(Records from a data collection)
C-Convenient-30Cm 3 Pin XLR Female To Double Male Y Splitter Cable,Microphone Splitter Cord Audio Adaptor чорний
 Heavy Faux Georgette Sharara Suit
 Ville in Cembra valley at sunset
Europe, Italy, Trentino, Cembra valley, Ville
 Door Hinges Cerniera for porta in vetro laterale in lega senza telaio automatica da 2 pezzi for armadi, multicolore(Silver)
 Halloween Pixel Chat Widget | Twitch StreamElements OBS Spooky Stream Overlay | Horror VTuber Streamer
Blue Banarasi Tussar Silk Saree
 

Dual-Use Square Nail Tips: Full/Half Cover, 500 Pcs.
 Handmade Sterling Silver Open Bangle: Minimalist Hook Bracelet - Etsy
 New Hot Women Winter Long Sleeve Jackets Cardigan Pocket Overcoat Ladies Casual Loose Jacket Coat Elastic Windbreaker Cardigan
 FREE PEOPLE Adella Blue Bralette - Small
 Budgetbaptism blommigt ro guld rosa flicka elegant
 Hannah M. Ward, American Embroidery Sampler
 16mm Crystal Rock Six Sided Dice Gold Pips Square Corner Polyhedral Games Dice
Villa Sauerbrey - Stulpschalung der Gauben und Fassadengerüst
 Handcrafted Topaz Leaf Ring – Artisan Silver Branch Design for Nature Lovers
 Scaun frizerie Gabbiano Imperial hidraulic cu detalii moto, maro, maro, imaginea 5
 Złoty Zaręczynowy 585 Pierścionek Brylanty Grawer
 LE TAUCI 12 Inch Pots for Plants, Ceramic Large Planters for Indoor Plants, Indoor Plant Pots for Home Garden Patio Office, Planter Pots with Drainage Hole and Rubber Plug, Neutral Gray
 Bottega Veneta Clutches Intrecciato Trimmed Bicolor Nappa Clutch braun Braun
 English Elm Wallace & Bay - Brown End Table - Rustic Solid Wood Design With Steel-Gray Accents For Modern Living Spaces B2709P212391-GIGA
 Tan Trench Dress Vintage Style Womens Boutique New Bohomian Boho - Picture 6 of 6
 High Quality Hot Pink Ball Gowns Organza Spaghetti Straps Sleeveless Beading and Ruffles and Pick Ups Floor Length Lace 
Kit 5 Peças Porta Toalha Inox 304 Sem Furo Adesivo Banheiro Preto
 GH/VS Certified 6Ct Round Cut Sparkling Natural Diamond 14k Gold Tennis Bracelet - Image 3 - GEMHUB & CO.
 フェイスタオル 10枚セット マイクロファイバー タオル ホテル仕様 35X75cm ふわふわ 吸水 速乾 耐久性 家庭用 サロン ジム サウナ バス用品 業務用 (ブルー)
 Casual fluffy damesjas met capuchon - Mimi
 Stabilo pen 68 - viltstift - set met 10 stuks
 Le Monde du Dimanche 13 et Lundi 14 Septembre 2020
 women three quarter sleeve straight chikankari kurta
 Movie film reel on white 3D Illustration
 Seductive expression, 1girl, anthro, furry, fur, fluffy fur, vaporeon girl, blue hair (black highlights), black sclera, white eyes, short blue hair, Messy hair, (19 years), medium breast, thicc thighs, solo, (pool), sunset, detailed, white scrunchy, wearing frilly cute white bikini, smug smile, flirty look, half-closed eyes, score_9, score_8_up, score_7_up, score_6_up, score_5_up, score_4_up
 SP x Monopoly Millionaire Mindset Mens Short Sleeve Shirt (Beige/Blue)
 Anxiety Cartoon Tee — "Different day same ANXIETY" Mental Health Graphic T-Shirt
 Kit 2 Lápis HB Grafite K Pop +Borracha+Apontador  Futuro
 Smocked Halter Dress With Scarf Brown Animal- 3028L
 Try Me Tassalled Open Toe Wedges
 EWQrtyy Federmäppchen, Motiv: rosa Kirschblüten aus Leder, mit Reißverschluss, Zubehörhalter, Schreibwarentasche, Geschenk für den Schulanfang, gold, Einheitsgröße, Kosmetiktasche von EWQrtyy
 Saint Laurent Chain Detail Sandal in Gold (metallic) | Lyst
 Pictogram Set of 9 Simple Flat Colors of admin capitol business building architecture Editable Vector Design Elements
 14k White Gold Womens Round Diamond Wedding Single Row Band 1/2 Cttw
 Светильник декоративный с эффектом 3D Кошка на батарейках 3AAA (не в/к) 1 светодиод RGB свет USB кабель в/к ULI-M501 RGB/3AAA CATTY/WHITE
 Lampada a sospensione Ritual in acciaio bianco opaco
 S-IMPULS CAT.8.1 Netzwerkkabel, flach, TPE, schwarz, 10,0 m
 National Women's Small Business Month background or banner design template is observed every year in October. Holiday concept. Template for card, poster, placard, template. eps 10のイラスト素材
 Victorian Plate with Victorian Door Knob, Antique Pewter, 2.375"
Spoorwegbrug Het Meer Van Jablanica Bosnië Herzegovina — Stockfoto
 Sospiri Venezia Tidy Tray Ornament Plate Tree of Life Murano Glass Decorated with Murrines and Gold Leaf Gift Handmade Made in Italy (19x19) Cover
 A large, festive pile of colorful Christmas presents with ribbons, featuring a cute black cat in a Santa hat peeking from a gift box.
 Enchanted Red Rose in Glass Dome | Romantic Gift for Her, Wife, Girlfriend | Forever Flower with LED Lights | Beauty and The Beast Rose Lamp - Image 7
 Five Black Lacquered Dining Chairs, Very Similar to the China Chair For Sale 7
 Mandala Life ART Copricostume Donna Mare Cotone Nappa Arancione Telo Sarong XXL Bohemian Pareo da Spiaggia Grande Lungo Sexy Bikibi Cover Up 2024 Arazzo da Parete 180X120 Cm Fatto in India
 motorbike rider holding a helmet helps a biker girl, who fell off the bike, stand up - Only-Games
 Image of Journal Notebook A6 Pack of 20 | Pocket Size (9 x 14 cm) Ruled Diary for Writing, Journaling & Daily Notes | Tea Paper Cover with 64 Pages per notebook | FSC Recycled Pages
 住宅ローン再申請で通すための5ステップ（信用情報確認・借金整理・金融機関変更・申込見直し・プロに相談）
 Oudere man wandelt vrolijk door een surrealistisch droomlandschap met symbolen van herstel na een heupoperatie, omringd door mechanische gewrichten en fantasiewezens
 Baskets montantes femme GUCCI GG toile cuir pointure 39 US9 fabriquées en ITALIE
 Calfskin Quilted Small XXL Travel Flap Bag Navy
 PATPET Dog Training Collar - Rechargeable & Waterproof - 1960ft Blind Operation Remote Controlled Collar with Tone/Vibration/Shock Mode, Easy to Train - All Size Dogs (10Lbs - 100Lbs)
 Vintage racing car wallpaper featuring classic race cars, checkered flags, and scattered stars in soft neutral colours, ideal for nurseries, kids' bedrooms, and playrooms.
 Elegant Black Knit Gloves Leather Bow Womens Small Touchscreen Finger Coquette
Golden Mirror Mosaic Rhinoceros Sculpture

Activity: Look back at the data above. Transcribe exactly the lines starting at the line that contains "SP x Monopoly" and ending at the line that contains "Spoorwegbrug Het Meer".

Exercise output:
 SP x Monopoly Millionaire Mindset Mens Short Sleeve Shirt (Beige/Blue)
 Anxiety Cartoon Tee — "Different day same ANXIETY" Mental Health Graphic T-Shirt
 Kit 2 Lápis HB Grafite K Pop +Borracha+Apontador  Futuro
 Smocked Halter Dress With Scarf Brown Animal- 3028L
 Try Me Tassalled Open Toe Wedges
 EWQrtyy Federmäppchen, Motiv: rosa Kirschblüten aus Leder, mit Reißverschluss, Zubehörhalter, Schreibwarentasche, Geschenk für den Schulanfang, gold, Einheitsgröße, Kosmetiktasche von EWQrtyy
 Saint Laurent Chain Detail Sandal in Gold (metallic) | Lyst
 Pictogram Set of 9 Simple Flat Colors of admin capitol business building architecture Editable Vector Design Elements
 14k White Gold Womens Round Diamond Wedding Single Row Band 1/2 Cttw
 Светильник декоративный с эффектом 3D Кошка на батарейках 3AAA (не в/к) 1 светодиод RGB свет USB кабель в/к ULI-M501 RGB/3AAA CATTY/WHITE
 Lampada a sospensione Ritual in acciaio bianco opaco
 S-IMPULS CAT.8.1 Netzwerkkabel, flach, TPE, schwarz, 10,0 m
 National Women's Small Business Month background or banner design template is observed every year in October. Holiday concept. Template for card, poster, placard, template. eps 10のイラスト素材
 Victorian Plate with Victorian Door Knob, Antique Pewter, 2.375"
Spoorwegbrug Het Meer Van Jablanica Bosnië Herzegovina — Stockfoto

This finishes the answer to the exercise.